For this exercise, restate word for word only the lines from the first line of the data to the line containing "Hotel Piramide, hotel em Eldorado".

-- Dataset records --
>>>

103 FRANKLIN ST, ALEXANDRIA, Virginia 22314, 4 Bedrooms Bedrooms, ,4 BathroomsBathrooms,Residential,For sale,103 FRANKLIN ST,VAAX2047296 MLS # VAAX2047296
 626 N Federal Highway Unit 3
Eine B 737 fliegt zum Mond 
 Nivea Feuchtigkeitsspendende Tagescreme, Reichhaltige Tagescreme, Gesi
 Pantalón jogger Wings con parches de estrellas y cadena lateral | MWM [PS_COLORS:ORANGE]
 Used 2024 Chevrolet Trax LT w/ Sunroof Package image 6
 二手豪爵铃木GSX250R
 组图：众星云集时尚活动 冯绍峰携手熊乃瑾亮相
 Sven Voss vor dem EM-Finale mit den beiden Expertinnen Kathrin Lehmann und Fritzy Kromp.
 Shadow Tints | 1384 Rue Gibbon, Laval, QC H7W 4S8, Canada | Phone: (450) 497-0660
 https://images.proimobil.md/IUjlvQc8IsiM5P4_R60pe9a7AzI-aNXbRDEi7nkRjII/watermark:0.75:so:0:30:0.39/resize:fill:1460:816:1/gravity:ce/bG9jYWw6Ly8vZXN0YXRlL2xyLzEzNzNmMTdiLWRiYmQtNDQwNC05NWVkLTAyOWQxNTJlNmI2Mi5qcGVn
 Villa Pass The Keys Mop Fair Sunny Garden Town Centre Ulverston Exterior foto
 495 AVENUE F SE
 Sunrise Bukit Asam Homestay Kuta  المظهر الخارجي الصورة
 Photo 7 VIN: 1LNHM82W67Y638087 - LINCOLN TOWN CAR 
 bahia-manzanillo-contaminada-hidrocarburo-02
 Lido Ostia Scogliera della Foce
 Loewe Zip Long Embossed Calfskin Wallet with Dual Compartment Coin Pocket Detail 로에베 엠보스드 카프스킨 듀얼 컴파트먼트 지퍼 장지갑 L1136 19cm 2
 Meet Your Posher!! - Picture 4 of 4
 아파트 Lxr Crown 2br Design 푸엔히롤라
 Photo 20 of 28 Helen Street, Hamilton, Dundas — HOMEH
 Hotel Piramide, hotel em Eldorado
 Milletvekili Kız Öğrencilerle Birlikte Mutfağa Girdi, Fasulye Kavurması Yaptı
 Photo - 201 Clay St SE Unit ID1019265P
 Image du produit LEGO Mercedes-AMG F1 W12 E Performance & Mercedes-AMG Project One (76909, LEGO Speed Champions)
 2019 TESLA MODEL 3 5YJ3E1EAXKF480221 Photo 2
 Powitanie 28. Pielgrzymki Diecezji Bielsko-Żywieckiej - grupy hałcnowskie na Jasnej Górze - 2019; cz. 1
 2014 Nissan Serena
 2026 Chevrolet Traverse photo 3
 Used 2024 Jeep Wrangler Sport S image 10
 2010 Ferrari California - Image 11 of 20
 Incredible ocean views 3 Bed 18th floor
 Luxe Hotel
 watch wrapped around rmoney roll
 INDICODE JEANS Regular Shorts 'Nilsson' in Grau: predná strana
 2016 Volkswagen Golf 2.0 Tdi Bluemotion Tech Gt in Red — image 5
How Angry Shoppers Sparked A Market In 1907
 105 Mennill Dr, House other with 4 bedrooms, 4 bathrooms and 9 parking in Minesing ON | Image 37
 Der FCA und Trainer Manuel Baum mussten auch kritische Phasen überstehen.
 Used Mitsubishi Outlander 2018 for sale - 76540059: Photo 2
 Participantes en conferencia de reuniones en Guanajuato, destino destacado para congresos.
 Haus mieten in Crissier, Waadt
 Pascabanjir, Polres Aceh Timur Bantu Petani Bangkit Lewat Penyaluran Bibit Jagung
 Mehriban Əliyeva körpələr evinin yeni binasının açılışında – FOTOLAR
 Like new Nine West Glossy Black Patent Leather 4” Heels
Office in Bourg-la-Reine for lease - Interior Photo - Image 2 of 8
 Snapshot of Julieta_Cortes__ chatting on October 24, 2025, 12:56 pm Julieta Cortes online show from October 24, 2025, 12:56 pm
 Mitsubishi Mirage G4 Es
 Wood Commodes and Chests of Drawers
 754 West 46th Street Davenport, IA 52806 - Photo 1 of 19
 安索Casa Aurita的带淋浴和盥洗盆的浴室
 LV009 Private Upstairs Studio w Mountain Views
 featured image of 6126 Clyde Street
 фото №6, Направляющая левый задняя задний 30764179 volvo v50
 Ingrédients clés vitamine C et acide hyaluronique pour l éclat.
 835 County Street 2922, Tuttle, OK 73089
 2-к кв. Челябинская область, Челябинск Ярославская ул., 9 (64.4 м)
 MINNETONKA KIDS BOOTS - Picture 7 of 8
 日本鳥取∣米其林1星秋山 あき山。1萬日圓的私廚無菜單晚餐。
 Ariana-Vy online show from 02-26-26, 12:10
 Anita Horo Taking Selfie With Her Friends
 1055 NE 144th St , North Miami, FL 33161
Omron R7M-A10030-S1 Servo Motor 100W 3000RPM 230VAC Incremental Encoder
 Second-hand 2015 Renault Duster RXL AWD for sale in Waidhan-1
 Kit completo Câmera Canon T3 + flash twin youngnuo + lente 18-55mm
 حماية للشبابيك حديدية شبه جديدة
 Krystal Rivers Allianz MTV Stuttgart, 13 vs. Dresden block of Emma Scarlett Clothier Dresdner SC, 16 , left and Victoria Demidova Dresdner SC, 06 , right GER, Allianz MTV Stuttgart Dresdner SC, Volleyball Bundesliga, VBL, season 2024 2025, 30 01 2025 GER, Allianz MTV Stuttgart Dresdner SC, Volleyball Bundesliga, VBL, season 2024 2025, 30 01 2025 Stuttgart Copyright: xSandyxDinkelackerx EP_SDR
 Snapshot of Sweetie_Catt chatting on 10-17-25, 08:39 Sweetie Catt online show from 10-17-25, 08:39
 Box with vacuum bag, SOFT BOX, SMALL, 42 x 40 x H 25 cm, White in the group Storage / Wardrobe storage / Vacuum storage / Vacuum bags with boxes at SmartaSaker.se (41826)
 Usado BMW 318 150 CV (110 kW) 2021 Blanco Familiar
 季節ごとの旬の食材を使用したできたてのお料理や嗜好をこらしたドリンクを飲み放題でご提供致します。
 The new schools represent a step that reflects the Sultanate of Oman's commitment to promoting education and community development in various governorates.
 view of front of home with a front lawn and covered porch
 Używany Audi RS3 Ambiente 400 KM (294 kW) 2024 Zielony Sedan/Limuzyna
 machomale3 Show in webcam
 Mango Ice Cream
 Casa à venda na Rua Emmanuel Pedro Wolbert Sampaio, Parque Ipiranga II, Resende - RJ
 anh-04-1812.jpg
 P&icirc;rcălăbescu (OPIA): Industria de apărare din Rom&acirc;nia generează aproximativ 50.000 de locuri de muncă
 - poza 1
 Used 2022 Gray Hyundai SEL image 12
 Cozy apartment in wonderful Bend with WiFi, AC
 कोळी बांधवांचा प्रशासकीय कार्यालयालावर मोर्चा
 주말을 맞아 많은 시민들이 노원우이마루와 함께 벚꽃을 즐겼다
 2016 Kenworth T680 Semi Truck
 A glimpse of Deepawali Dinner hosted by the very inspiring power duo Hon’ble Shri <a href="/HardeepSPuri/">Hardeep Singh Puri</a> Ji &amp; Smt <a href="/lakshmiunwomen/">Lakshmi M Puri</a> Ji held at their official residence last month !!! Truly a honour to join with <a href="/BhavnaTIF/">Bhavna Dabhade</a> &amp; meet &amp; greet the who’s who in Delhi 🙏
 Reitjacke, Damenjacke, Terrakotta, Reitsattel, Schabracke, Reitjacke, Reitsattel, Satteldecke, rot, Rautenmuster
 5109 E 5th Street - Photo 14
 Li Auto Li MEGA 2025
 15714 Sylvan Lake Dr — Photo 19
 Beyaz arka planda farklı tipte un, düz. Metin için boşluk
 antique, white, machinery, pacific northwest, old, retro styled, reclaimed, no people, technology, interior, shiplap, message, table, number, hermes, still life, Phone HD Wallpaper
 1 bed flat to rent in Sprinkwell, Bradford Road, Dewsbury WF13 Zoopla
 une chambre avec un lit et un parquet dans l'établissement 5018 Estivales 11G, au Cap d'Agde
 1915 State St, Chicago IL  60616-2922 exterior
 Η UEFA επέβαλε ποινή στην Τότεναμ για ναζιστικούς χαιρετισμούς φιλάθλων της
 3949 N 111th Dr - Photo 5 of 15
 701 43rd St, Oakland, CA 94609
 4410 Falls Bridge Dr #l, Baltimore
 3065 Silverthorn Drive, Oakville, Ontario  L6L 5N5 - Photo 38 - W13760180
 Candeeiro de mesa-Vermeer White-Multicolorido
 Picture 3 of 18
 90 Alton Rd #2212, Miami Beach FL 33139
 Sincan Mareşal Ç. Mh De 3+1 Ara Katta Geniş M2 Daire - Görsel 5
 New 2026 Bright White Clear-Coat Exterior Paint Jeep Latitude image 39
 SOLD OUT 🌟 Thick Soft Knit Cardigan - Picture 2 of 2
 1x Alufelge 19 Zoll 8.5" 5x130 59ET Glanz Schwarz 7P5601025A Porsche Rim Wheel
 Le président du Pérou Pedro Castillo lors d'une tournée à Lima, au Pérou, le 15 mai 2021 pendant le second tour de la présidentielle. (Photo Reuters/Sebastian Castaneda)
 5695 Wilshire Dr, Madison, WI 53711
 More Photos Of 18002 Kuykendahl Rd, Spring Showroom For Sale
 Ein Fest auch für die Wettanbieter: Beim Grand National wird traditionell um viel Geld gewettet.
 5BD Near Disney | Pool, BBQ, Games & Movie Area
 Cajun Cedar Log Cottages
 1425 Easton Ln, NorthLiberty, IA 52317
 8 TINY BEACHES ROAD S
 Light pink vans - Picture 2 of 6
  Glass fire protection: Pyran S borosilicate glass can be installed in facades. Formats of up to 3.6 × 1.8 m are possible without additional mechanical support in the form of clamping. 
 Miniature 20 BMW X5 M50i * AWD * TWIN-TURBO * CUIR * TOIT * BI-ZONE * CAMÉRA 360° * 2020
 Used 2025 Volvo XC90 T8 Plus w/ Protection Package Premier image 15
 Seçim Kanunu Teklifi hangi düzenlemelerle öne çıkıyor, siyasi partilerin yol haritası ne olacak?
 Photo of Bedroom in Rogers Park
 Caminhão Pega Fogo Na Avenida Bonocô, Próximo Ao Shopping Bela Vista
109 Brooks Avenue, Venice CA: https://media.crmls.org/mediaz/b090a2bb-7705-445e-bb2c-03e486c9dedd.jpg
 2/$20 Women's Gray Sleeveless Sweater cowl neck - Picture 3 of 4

<<<

-- Answer for this exercise --
103 FRANKLIN ST, ALEXANDRIA, Virginia 22314, 4 Bedrooms Bedrooms, ,4 BathroomsBathrooms,Residential,For sale,103 FRANKLIN ST,VAAX2047296 MLS # VAAX2047296
 626 N Federal Highway Unit 3
Eine B 737 fliegt zum Mond 
 Nivea Feuchtigkeitsspendende Tagescreme, Reichhaltige Tagescreme, Gesi
 Pantalón jogger Wings con parches de estrellas y cadena lateral | MWM [PS_COLORS:ORANGE]
 Used 2024 Chevrolet Trax LT w/ Sunroof Package image 6
 二手豪爵铃木GSX250R
 组图：众星云集时尚活动 冯绍峰携手熊乃瑾亮相
 Sven Voss vor dem EM-Finale mit den beiden Expertinnen Kathrin Lehmann und Fritzy Kromp.
 Shadow Tints | 1384 Rue Gibbon, Laval, QC H7W 4S8, Canada | Phone: (450) 497-0660
 https://images.proimobil.md/IUjlvQc8IsiM5P4_R60pe9a7AzI-aNXbRDEi7nkRjII/watermark:0.75:so:0:30:0.39/resize:fill:1460:816:1/gravity:ce/bG9jYWw6Ly8vZXN0YXRlL2xyLzEzNzNmMTdiLWRiYmQtNDQwNC05NWVkLTAyOWQxNTJlNmI2Mi5qcGVn
 Villa Pass The Keys Mop Fair Sunny Garden Town Centre Ulverston Exterior foto
 495 AVENUE F SE
 Sunrise Bukit Asam Homestay Kuta  المظهر الخارجي الصورة
 Photo 7 VIN: 1LNHM82W67Y638087 - LINCOLN TOWN CAR 
 bahia-manzanillo-contaminada-hidrocarburo-02
 Lido Ostia Scogliera della Foce
 Loewe Zip Long Embossed Calfskin Wallet with Dual Compartment Coin Pocket Detail 로에베 엠보스드 카프스킨 듀얼 컴파트먼트 지퍼 장지갑 L1136 19cm 2
 Meet Your Posher!! - Picture 4 of 4
 아파트 Lxr Crown 2br Design 푸엔히롤라
 Photo 20 of 28 Helen Street, Hamilton, Dundas — HOMEH
 Hotel Piramide, hotel em Eldorado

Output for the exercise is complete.